◆ **Task details**: All of the data below is to be written out again exactly.

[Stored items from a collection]
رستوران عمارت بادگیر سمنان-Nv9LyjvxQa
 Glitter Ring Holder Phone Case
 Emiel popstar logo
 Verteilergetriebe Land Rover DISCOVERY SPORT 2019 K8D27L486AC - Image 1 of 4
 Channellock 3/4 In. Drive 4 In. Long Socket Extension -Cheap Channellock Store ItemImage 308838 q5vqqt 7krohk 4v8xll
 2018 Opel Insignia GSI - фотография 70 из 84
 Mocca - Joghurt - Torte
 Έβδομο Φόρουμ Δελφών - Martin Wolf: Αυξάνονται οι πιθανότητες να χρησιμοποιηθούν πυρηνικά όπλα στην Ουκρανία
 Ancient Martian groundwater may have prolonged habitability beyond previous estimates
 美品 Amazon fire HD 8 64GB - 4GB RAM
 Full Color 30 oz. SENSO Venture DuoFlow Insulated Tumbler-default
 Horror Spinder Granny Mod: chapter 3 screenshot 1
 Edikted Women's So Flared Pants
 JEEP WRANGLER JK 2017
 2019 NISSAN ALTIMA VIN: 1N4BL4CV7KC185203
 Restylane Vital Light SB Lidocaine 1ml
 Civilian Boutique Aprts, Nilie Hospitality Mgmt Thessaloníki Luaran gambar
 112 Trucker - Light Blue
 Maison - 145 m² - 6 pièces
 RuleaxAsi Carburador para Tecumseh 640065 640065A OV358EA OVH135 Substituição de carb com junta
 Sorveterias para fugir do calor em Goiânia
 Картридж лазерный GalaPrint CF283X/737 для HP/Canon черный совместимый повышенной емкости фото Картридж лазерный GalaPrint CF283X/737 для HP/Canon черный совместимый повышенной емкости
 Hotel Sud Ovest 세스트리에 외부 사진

◆ **Response to this exercise**:
رستوران عمارت بادگیر سمنان-Nv9LyjvxQa
 Glitter Ring Holder Phone Case
 Emiel popstar logo
 Verteilergetriebe Land Rover DISCOVERY SPORT 2019 K8D27L486AC - Image 1 of 4
 Channellock 3/4 In. Drive 4 In. Long Socket Extension -Cheap Channellock Store ItemImage 308838 q5vqqt 7krohk 4v8xll
 2018 Opel Insignia GSI - фотография 70 из 84
 Mocca - Joghurt - Torte
 Έβδομο Φόρουμ Δελφών - Martin Wolf: Αυξάνονται οι πιθανότητες να χρησιμοποιηθούν πυρηνικά όπλα στην Ουκρανία
 Ancient Martian groundwater may have prolonged habitability beyond previous estimates
 美品 Amazon fire HD 8 64GB - 4GB RAM
 Full Color 30 oz. SENSO Venture DuoFlow Insulated Tumbler-default
 Horror Spinder Granny Mod: chapter 3 screenshot 1
 Edikted Women's So Flared Pants
 JEEP WRANGLER JK 2017
 2019 NISSAN ALTIMA VIN: 1N4BL4CV7KC185203
 Restylane Vital Light SB Lidocaine 1ml
 Civilian Boutique Aprts, Nilie Hospitality Mgmt Thessaloníki Luaran gambar
 112 Trucker - Light Blue
 Maison - 145 m² - 6 pièces
 RuleaxAsi Carburador para Tecumseh 640065 640065A OV358EA OVH135 Substituição de carb com junta
 Sorveterias para fugir do calor em Goiânia
 Картридж лазерный GalaPrint CF283X/737 для HP/Canon черный совместимый повышенной емкости фото Картридж лазерный GalaPrint CF283X/737 для HP/Canon черный совместимый повышенной емкости
 Hotel Sud Ovest 세스트리에 외부 사진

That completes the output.